_Task statement_.
Would you please return the data below verbatim, without its pictures?

_Information provided_.

################

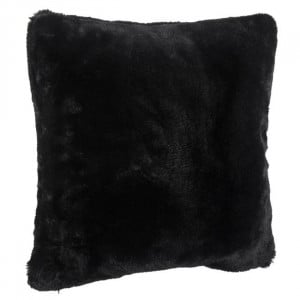 Perna decorativa din imitatie de blana, doua fete, dimensiune 40x40x11 cm, Neagra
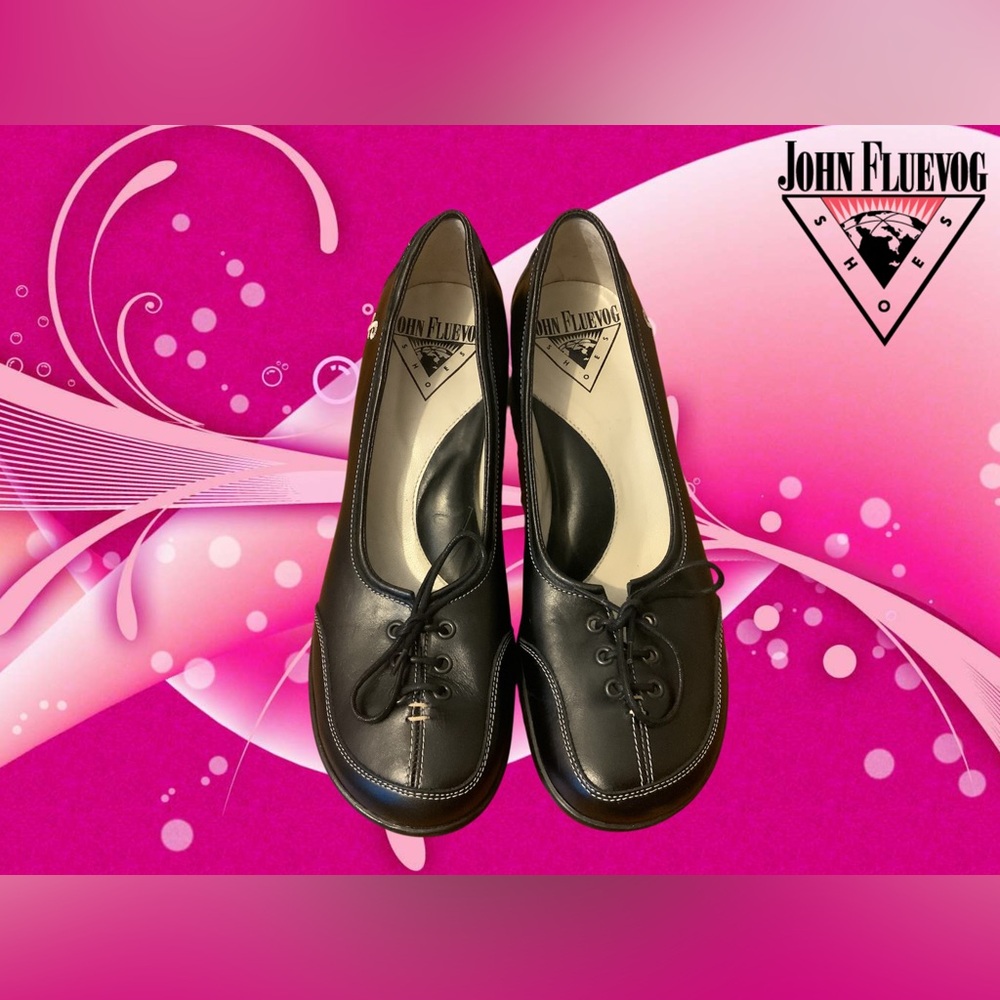 VTG JOHN FLUEVOG "Fellowship" Cayla Black Lace Up Shoes Women’s Size 7.5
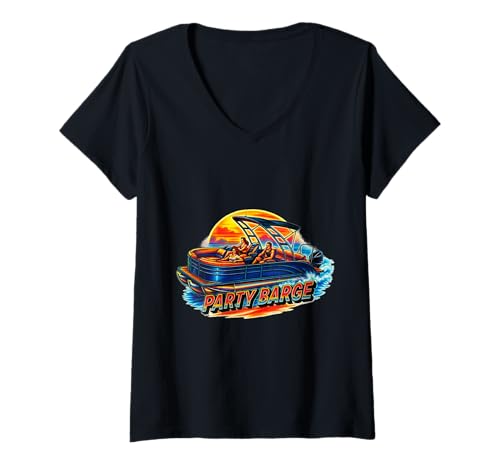 Damen Pontoon Life, Party Barge Graphic Print On Front T-Shirt mit V-Ausschnitt von MSJ World .Co | Pontoon Life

################

_Response to the exercise_.
 Perna decorativa din imitatie de blana, doua fete, dimensiune 40x40x11 cm, Neagra
 VTG JOHN FLUEVOG "Fellowship" Cayla Black Lace Up Shoes Women’s Size 7.5
 Damen Pontoon Life, Party Barge Graphic Print On Front T-Shirt mit V-Ausschnitt von MSJ World .Co | Pontoon Life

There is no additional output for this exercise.